Lelaki di hadapanku itu tersenyum. Kemudian berkata, “Mumpung belum terlambat, segera temui dia. Seburuk apa pun dia di masa lalu, darahnya tetap mengalir dalam tubuhmu. Jangan sampai kamu menyesal.” Paklik menepuk bahuku. Aku tahu pria di hadapanku ini orang yang mampu menilai baik buruk seseorang. Mak Sri pasti mempunyai alasan tersendiri kenapa ingin menjauhkan aku dari Bapak.
Sore ini juga aku meminta Iyon untuk mengantarku. Mak Sri sempat mengejarku sampai halaman. Aku berusaha mempraktekkan ilmu yang diberikan Paklik tadi siang.
“Aku mau kuliah, Mak. Besok ada ujian praktek. Doakan lancar, ya!” pintaku pada Mak Sri. Kubuang jauh-jauh rasa kesal terhadapnya. Wanita dengan jaket hitam dan jilbab hijau itu tiba-tiba memelukku.
“Jaga dirimu baik-baik!”
“Laasya sudah besar. Percayalah, Mak! Anakmu ini tak akan mencoreng harkat dan martabat keluarga besar kita, Mak.” Aku mencium tangan wanita yang masih sesenggukan itu. Tangannya membelai rambutku. Dia merogoh sesuatu dari saku jaket.

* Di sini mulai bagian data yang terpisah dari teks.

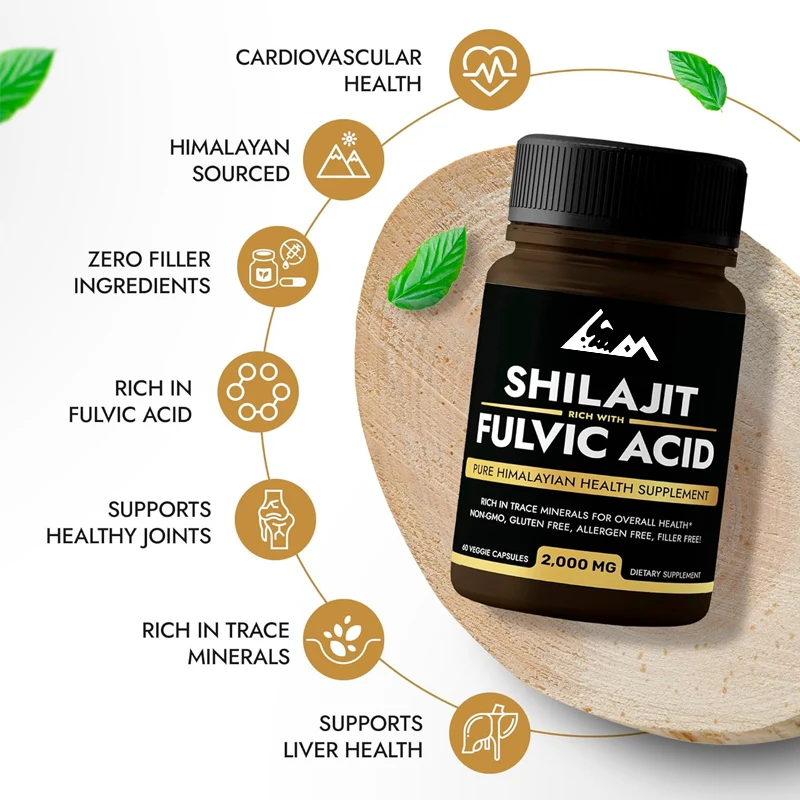 Shilajit Men's and Women's Supplements, Natural Shilajit Capsules, Rich Vitamin Acid Supplements | Rich in Trace Minerals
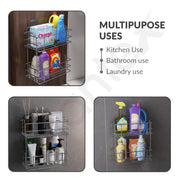 Plantex Drill Free Stainless Steel Multipurpose Detergent Holder/Under the Sink Detergent Rack/Wall Mounted Detergent Holder/Bathroom Rack/Shelf/Bathroom Accessories (Chrome)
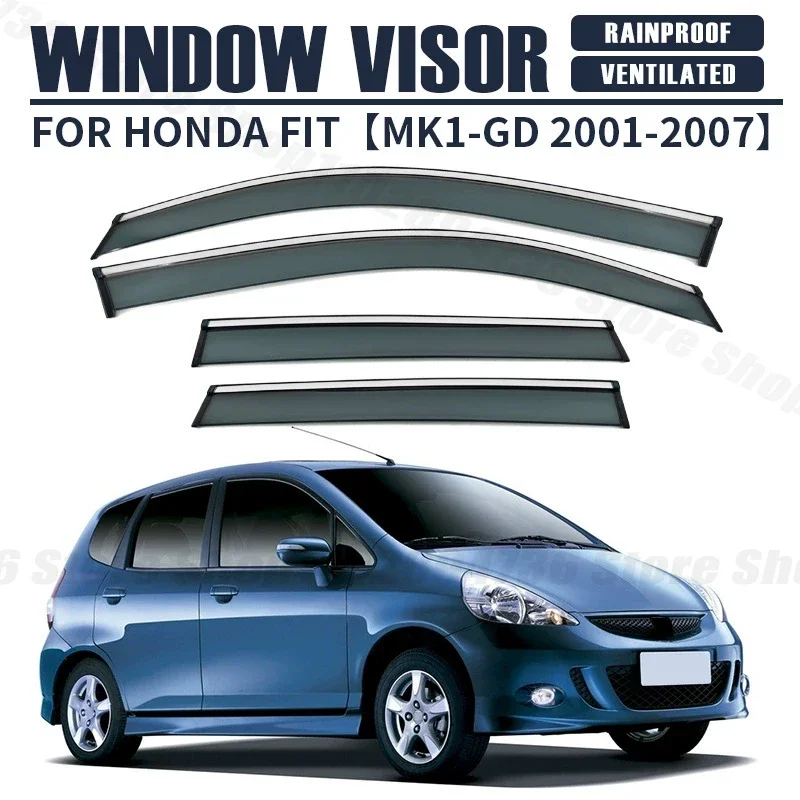 Window Visors For Honda Fit Hatchback MK1-GD Side Window Rain Guard Wind Deflector Weathershield Vent Visor for Car Windows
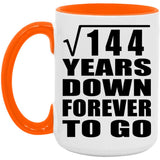 12th Anniversary Square Root of 144 Years Down Forever To Go - 15oz Accent Mug Orange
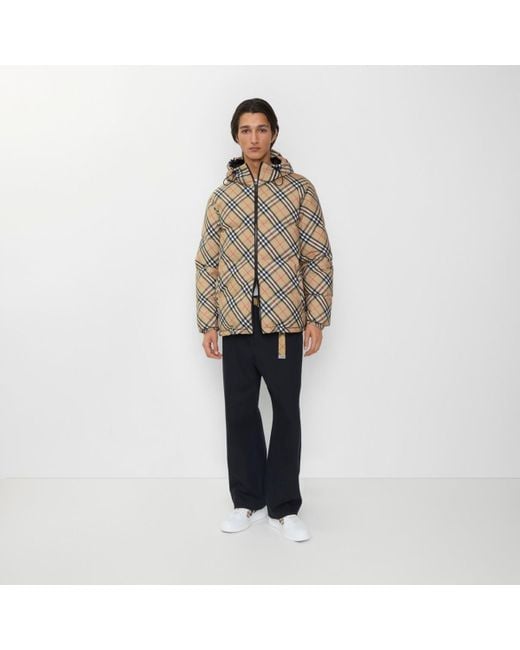 Reversible Check Hooded Puffer Jacket Burberry pour homme en coloris Black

Aku berusaha menolak pemberiannya.
“Simpan saja, Mak. Honorku kemarin masih cukup,” ucapku sambil memeluknya. Aku tersenyum dan segera naik ke atas motor si Iyon. Angin membelai wajahku di sepanjang jalan.

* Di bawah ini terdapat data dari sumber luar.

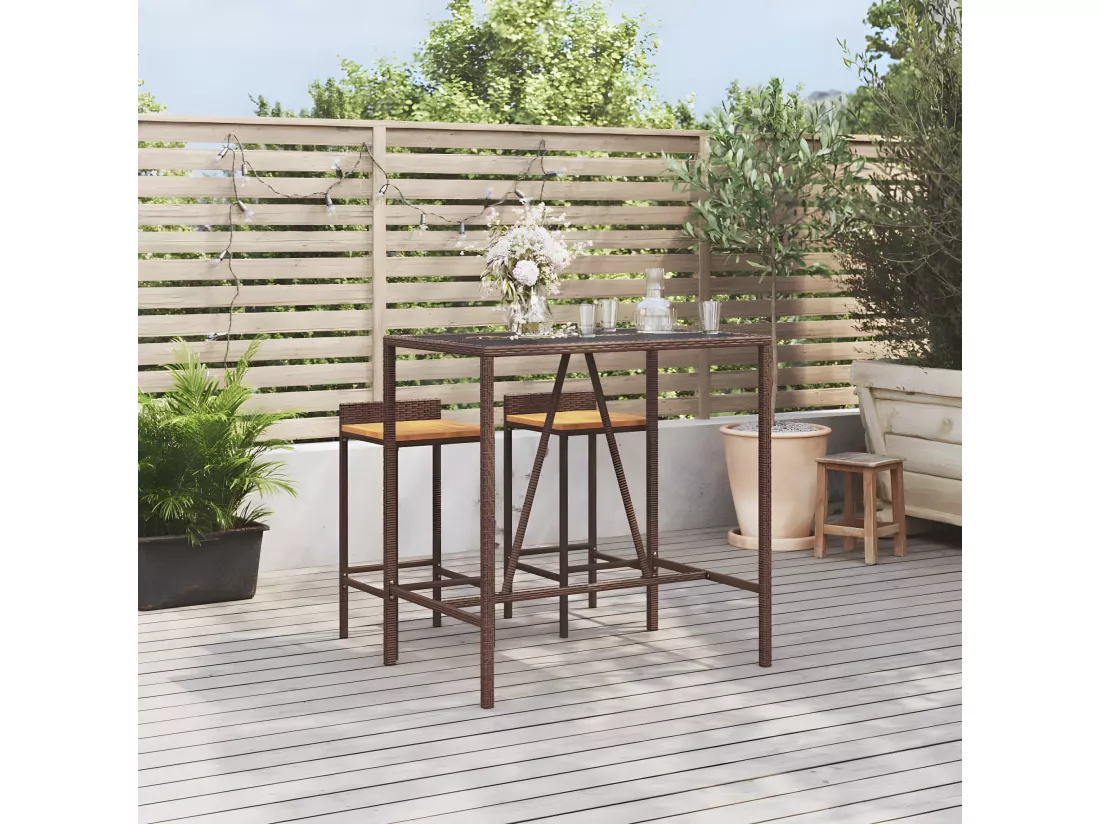 Prolenta Premium - Table de bar et dessus en verre marron 110x70x110 cm poly rotin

“Yon, ke Tumang dulu,” pintaku kepada adik sepupuku. Dia nampak kaget.
“Serius?” ucap remaja berambut cepak itu menghentikan laju sepeda motor.
“Serius. Tapi, kamu harus janji jangan sampai Mamak tahu!” Aku mengancamnya. Bagai kerbau dicucuk hidungnya. Si Iyon tak bisa berkutik. Dia sering ke rumah Bapak ketika acara sadranan. Sepeda kami masuk ke desa yang sangat bising. Aku melihat sekelilingku, banyak sekali rumah-rumah yang disulap menjadi showroom kerajinan ukir tembaga dan kuningan. Ada juga pengrajin perkakas rumah tangga di desa tersebut. Motor kami berhenti di sebuah rumah penuh dengan hiasan kerajinan tembaga yang menggantung. Ada perasaan gundah dan gugup yang menyerangku secara perlahan.

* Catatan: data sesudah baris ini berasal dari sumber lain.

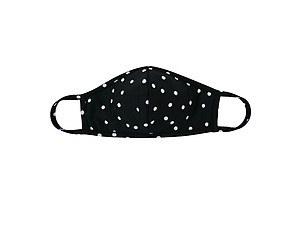 Black Reusable Polka Dot T-Shirt Cloth Face Mask with Seam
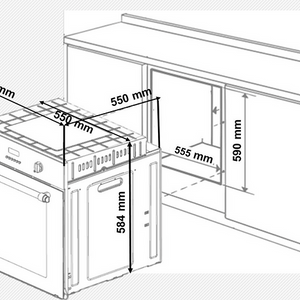 Horno eléctrico 60 cms de ancho  4 programas de cocción Sistema de ventilación tangencial Controles manuales  Clase de eficiencia energética: A Capacidad del horno: 57 litros Lámpara del horno: 1 *25W    Parrillas termostáticas   Puerta extraíble de doble vidrio   Accesorios incluidos: bandeja y parrilla Funcionamiento 110v frecuencia: 60 Hz Revisar esquemas de empotre en el manual de instalación del producto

Seorang pekerja menyambut kami. Tangannya masih kotor dengan bau cat yang begitu menyengat.
“Mau cari siapa, Mbak?” tanyanya sopan.
“E… saya mau bertemu Bapak…”
“Pak Hadi?” tanya lelaki tersebut.
“I-iya.”
Lelaki itu kemudian masuk ke dalam rumah. Setelah itu dia keluar dan menyuruhku menunggu sebentar. Aku masih gugup, Iyon memutuskan untuk duduk di jok sepeda motor. Seorang lelaki tiba-tiba memelukku. Ada suara tangis yang terdengar. Entah kenapa aku terdiam tak berontak. Padahal kemarin aku menyuruhnya pergi. Pelukan yang belum lama tak kudapatkan, hari ini kudapatkan. Tiba-tiba air mataku jatuh dengan sendirinya. Lelaki dengan wajah sayu itu beberapa kali tak percaya aku datang ke rumahnya. Beberapa karyawan tampak mengintip dari sudut bengkelnya. Dia mengajakku masuk ke dalam rumahnya sembari memanggil si Iyon agar ikut bersamaku.
“Bu, lihat siapa yang datang!” teriaknya memanggil istrinya.